最も、執事さんやメイドさんたちも準備はするんだけど、俺たちだけの新年のパーティを準備しているらしい。
「優也君、どうですか?」
「まぁ、こんなものか?」
「良いと思います」
「ええ。随分と上達したわね」
夏休みが明けてから、俺は美姫に料理を教わった。魅力的な彼女がたくさんいる中で、俺も彼女たちに少しでも釣り合う様になりたい。そう思って美姫に料理を学んでいたのだ。とは言っても美姫や瑠璃の様に、本格的なものを作ったりはまだまだ出来ないけど、簡単なものなら出来るようになった。

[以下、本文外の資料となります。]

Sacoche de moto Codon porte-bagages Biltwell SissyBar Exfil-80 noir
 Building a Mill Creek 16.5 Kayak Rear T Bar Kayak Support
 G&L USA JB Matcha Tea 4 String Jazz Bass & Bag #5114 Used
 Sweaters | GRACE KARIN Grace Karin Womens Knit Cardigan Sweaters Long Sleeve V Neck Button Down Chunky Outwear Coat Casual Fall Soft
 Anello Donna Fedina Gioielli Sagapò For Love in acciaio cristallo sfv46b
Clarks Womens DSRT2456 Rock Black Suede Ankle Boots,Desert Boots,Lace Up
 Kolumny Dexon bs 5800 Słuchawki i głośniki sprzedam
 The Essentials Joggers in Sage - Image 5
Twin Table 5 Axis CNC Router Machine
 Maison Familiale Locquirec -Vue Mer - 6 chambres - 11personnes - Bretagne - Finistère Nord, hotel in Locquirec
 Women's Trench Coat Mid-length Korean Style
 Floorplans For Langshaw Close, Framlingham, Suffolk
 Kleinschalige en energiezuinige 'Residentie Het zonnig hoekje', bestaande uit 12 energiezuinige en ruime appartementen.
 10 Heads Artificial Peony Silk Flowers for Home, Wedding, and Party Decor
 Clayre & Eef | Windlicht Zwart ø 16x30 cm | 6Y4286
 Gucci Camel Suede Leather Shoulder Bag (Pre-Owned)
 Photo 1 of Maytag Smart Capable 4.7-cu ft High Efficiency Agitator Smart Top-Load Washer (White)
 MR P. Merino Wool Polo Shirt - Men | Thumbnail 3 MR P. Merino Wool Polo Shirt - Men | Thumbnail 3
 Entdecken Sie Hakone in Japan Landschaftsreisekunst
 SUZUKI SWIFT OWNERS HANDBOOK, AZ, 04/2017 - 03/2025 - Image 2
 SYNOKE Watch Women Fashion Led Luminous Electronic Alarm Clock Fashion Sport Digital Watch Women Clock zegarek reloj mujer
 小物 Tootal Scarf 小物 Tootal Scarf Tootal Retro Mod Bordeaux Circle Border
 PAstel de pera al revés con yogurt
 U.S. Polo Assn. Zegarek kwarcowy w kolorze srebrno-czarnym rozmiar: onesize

まぁ、今でも美姫と一緒に料理をするときは手伝いをするくらいだけどね。
「いい感じに出来たかな?」
「そうですね」
俺は揚がった天ぷらを見てそう言った。
「一つ味見をしてみましょうか」
そう言うと美姫は、サツマイモの天ぷらを箸でつまんで、息を吹きかけて覚ました。そして俺の口元まで運んだ。
「はい。優也君、あーんです」
「な!?ななな」
俺に食べさせようとしてくる美姫の横で、瑠璃が顔を真っ赤にしていた。
「うん、美味しいと思うよ」
「わ。私のも食べてほしいわ」
「わ、分かった」
俺は恥ずかしそうにそう言う瑠璃からも、一つ天ぷらを食べさせてもらった。もう一個と進めてくる二人だけど、試食だから今はこれくらいにしてと言って断った。
「うわぁ。おそばがたくさんあるよ!」
「そうだな」
「ふふっ。今年は人数も多いですから、多めに用意しておきました」
天音は目を輝かせてそう言った。
「いやーごめんね。手伝い何もできなくって」
「明日香さんは気にしなくて大丈夫ですよ。それよりもお勉強、頑張ってくださいね」
「勿論だよ。こんなに美人な後輩幼馴染に応援されて、サボるわけにはいかないからね」
姉さんは笑顔を浮かべてそう言った。
「そういえばこの天ぷらって先輩が調理したんですか?」
「いやいや。俺は材料を切っただけだな」
「なるほど……でも先輩が料理したことには変わりないんですよね?」
「ま、まぁ」
茜の言葉に何故か皆、キリっとした表情になった。そして一斉に天ぷらへと視線を向けた。あっ、そういえば前にもこんなことあったっけか。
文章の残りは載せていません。